Seb Rochford/Shabaka Hutchings/Kit Downes/Tom Herbert - 11.03.09

Confidence to revisit the tradition dovetailed with a stance that heralds the future of the music. The quartet, comprising musicians known for challenging set parameters, brought this energy and attitude to a respectful and intrepid performance.

Sketches of the neo-bop classic, “Confirmation”, raised the curtain. Fragile statements echoing the main theme were suffused by pianist, Kit Downes’ elegant chordal flourishes. Drummer, Seb Rochford’s brittle rhythmic fills and percussive textures complimented this effect with double bassist, Neil Charles’ melodic forms drawing attention towards the points of greatest harmonic tension. With lightly decorated melodic phrases tenor saxophonist, Shabaka Hutchings propelled the quartet to groove on a spirited bop swing. The sound segued into an abstract feel ushering in a subtle rallentando which provided the context for ruminations on the central theme by Hutchings, now on alto clarinet. He loosely pulled the theme in beguiling rhythmic and melodic directions as the rhythm section brewed a gentle hymn-like mid-low tempo swing.

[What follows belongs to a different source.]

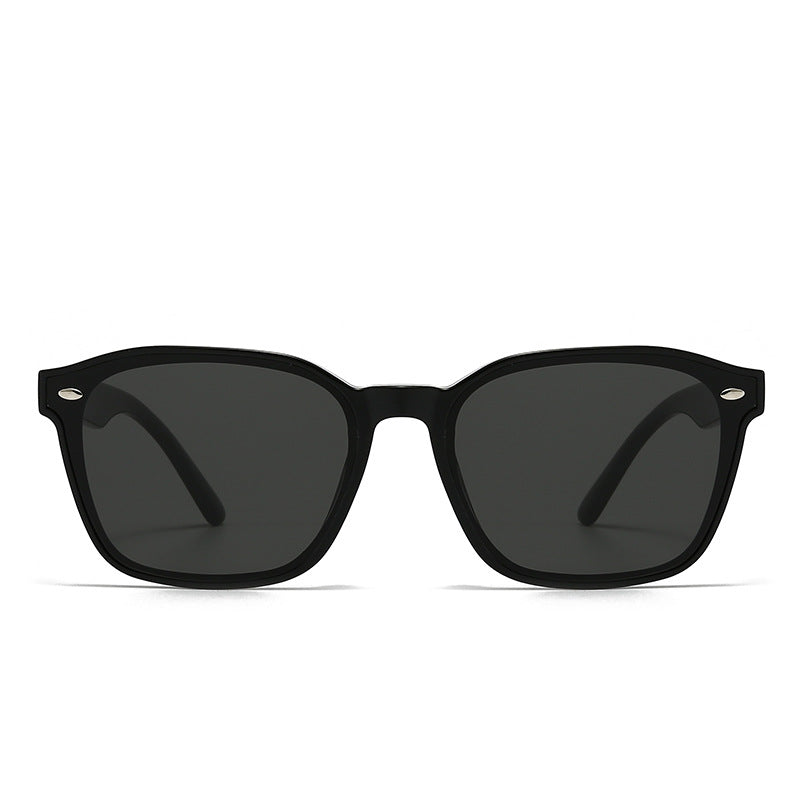 Square sunglasses for men and women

Original compositions provided equally fertile material for the group to develop their acoustic portrait. Downes introduced a tune of “no name” with beautiful harmonic layers which spilled onto the sonic landscape with grace and subtlety. Atmospheric cymbal effects evoked a nebulous environment for Hutchings, on clarinet, to reside in and pursue pensive melodic lines while Charles’ bubbling bass phrases made perceptive harmonic illuminations. Rochford stripped the music down to its raw original conception with sparse, uneasy percussive textures and melodic empathy. Hutchings’ repetitive melodic patterns scaled the harmonic dimensions of the composition building tension in its wake. It provided a melodic pillar off which disjointed harmonic and rhythmic contributions from the rhythm section coherently took the group into avant-garde territory. Charles’ a cappella bass solo sensitively channelled the melodic energy into tones of harmonic intrigue.

The trepidation felt by contemporary musicians towards public performances of traditional compositions was cast off and almost ridiculed by this quartet. They proved their musical integrity and the possibility of continual progression within familiar frames of reference.